Missing Rainier climbers 'likely buried'

Sunday, June 1, 2014

photo Six climbers missing on Mount Rainier are presumed dead after helicopters detected pings from emergency beacons buried in the snow thousands of feet below their last known location, a national park official said Saturday on May 31, 2014. This photo provided by the National Parks Service, shows the Liberty Ridge Area of Mount Rainier as viewed from the Carbon Glacier in Washington state.

MOUNT RAINIER NATIONAL PARK, Wash. - Two Seattle-based climbing guides and four clients set out Monday to summit Mount Rainier in Washington state, following one of the most technical and physically grueling routes to the peak.

They were last heard from Wednesday at 6 p.m. when the guides checked in with their company, Alpine Ascents International, by satellite phone.
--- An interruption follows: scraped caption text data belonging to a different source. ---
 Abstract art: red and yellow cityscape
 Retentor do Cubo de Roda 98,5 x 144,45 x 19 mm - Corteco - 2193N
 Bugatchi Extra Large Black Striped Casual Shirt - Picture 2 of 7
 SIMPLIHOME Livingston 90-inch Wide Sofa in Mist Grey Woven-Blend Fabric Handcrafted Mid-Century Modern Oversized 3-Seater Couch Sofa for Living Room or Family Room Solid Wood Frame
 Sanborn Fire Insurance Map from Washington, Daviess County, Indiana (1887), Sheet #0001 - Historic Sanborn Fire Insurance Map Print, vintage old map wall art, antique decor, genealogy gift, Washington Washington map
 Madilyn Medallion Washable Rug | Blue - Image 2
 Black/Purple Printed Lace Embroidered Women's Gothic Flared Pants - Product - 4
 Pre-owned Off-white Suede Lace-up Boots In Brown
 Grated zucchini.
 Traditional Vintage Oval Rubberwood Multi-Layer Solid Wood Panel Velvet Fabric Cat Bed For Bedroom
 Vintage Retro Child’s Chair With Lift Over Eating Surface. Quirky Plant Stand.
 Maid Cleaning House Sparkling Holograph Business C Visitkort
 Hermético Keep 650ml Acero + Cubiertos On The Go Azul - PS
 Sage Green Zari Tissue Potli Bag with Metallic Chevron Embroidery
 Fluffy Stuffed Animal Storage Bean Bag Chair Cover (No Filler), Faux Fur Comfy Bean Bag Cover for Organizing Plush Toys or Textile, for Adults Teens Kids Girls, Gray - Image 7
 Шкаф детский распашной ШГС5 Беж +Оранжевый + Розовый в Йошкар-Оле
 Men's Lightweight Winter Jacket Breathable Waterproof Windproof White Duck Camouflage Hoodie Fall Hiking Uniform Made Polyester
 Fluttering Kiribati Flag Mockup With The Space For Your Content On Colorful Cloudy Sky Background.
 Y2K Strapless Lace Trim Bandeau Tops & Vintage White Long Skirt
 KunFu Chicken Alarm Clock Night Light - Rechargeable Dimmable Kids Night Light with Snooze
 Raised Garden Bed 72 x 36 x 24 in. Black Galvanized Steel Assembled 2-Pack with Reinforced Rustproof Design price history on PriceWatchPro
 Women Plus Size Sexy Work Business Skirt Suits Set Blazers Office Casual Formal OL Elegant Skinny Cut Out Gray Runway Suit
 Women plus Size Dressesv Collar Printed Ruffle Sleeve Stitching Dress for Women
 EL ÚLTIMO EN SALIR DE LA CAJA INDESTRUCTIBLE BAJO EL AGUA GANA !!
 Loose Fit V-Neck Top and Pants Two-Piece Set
The group failed to return Friday as planned.

Park officials believe the group fell 3,300 feet from their last known whereabouts at 12,800 feet on Liberty Ridge. They are presumed to be dead in one of the worst alpine accidents on the mountain in decades.

Glenn Kessler, the park's acting aviation manager, said "they are most likely buried," making recovery efforts even more challenging. They may be in an area too hazardous for rescuers to reach on the ground.

"We will likely fly over something this week if we have an aircraft," to monitor the situation, he said.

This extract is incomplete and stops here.